If you are expecting snowfall or if you are planning to take a drive to catch a glimpse of the snow, here are some tips to keep in mind, courtesy of the MD of MasterDrive, Eugene Herbert:

  • Defensive driving will help you avoid a dangerous situation on our roads.
  • Check that your tyres are properly inflated.  
  • Ensure your anti-freeze is adequately topped up.
  • Gently test your brakes to judge how slippery the road is.
  • Do not use cruise control when driving on slippery surfaces.
  • Accelerate and decelerate slowly to maintain traction and avoid skidding.
  • Drive slowly and give yourself more time: it takes more time to accelerate, decelerate and stop.
  • Increase your following distance to eight to 10 seconds.
  • Avoid stopping where possible and rather start moving while still rolling as there is less resistance to stopping.
  • Accelerating up a hill can cause skidding. Rather gain speed before the hill and slow down when you reach the top.
  • Never stop halfway up the hill.
  • Switch your headlights to dim. Do not use fog lights as it makes it difficult for oncoming cars to see.
  • If you start to spin stop accelerating and let the car slow naturally. Do not brake as it will extend the skid. If you start spinning, steer in the direction of the spin until it is safe to straighten.
 • Avoid driving habits which are dangerous in normal conditions: distracted, fatigued and drunken driving.

Black ice

Many areas may experience sleet rather than full snowfall. This can create an even more dangerous situation on the roads, in the form of black ice. This is a thin layer of transparent ice on the road which forms when sleet or rain freezes as it hits the ground.

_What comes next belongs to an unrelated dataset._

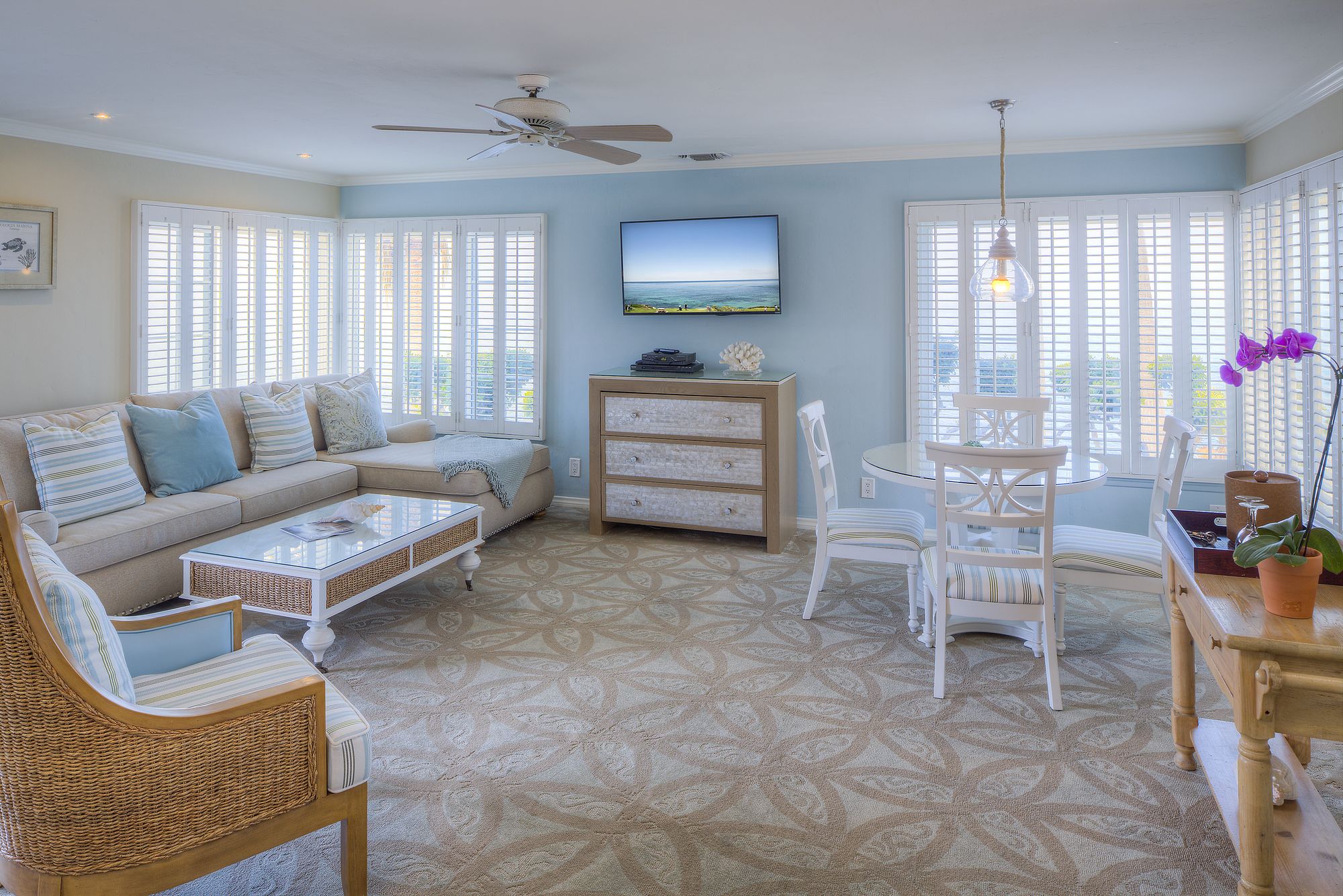 Фото Scripps Inn La Jolla Cove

It is very difficult to see and you can be at its mercy once you hit it. If you find yourself on black ice:
  • Always be alert for black ice: it looks like glossy, slightly wet patches on the road.
  • Do not hit the brakes and focus on keeping the steering straight.
  • Lift your foot off the accelerator.
  • Be careful of not over-steering. 


Arrive Alive  shares the following advice:

If your rear wheels skid...

Take your foot off the accelerator.
Steer in the direction you want the front wheels to go. If your rear wheels are sliding left, steer left. If they're sliding right, steer right.
If your rear wheels start sliding the other way as you recover, ease the steering wheel toward that side. You might have to steer left and right a few times to get your vehicle completely under control.
If you have standard brakes, pump them gently.
If you have anti-lock brakes (ABS), do not pump the brakes. Apply steady pressure to the brakes. You will feel the brakes pulse - this is normal.

If your front wheels skid...

Take your foot off the gas and shift to neutral, but don't try to steer immediately.
As the wheels skid sideways, they will slow the vehicle and traction will return. As it does, steer in the direction you want to go. Then put the transmission in "drive" or release the clutch, and accelerate gently.

If you get stuck...

Do not spin your wheels. This will only dig you in deeper.
Turn your wheels from side to side a few times to push snow out of the way.
Use a light touch on the gas, to ease your car out.
Use a shovel to clear snow away from the wheels and the underside of the car.
Pour sand, kitty litter, gravel or salt in the path of the wheels, to help get traction.
Try rocking the vehicle. (Check your owner's manual first - it can damage the transmission on some vehicles.) Shift from forward to reverse, and back again. Each time you're in gear, give a light touch on the gas until the vehicle gets going.